Kissinger being sworn in as Secretary of State by Chief Justice Warren Burger, September 22, 1973. Kissinger's mother, Paula, holds the Bible as President Nixon looks on.
Kissinger being sworn in as Secretary of State by Chief Justice Warren Burger, September 22, 1973. Kissinger's mother, Paula, holds the Bible as President Nixon looks on.

During a February 2016 debate against Bernie Sanders in New Hampshire, Hillary Clinton invoked the authority of the now-late Henry Kissinger, who passed away on Wednesday. “I was very flattered when Henry Kissinger said I ran the State Department better than anybody had run it in a long time,” Clinton proudly proclaimed. Senator Sanders was not having any of it. He pledged not to take the advice of a man who Sanders described as “one of the most destructive secretaries of state in the modern history of this country.”

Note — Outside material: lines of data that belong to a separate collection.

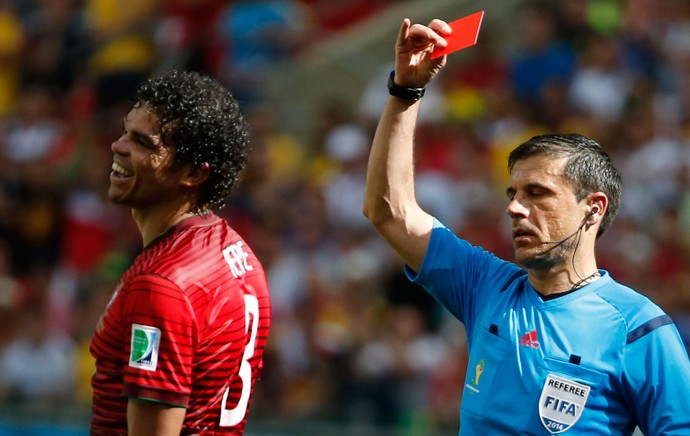 Árbitro Milorad Mazic expulsa Pepe, de Portugal, contra a Alemanha arena Fonte Nova (Foto: Agência Reuters) Árbitro Milorad Mazic expulsa Pepe, de Portugal, contra a Alemanha arena Fonte Nova (Foto: Agência Reuters)
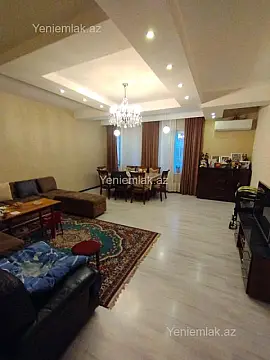 Satılır 10 otaqlı həyət evi 440 m²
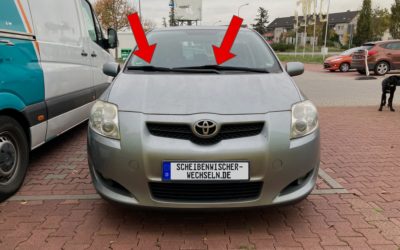 Die passenden Scheibenwischer für den Toyota Auris I für vorne & hinten (Typ E150, BJ 2007 bis 2012)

Bernie Sanders may have lost the battle in his two failed presidential bids, but ultimately he won the war. When Joe Biden issued a statement to mark Kissinger’s passing, it pointedly excluded any of the praise or adoration Hillary had sought to convey.

“Throughout our careers, we often disagreed. And often strongly,” the White House release reads, going on to recognize Kissinger’s “fierce intellect and profound strategic focus.” Instead of being a political asset, Kissinger had become an embarrassment, especially to a president who, despite presiding over the most left-wing administration in history, was unable to even attend the funeral of Rosalynn Carter without being assaulted by angry protestors accusing him of “genocide.”

Kissinger was no stranger to controversy or criticism; in fact, he actively courted it. To my parents’ generation, it seemed almost unbelievable that the film Dr. Strangelove predated Kissinger’s debut on the national stage, so closely did he seem to ape the mannerisms and image of the film’s title character.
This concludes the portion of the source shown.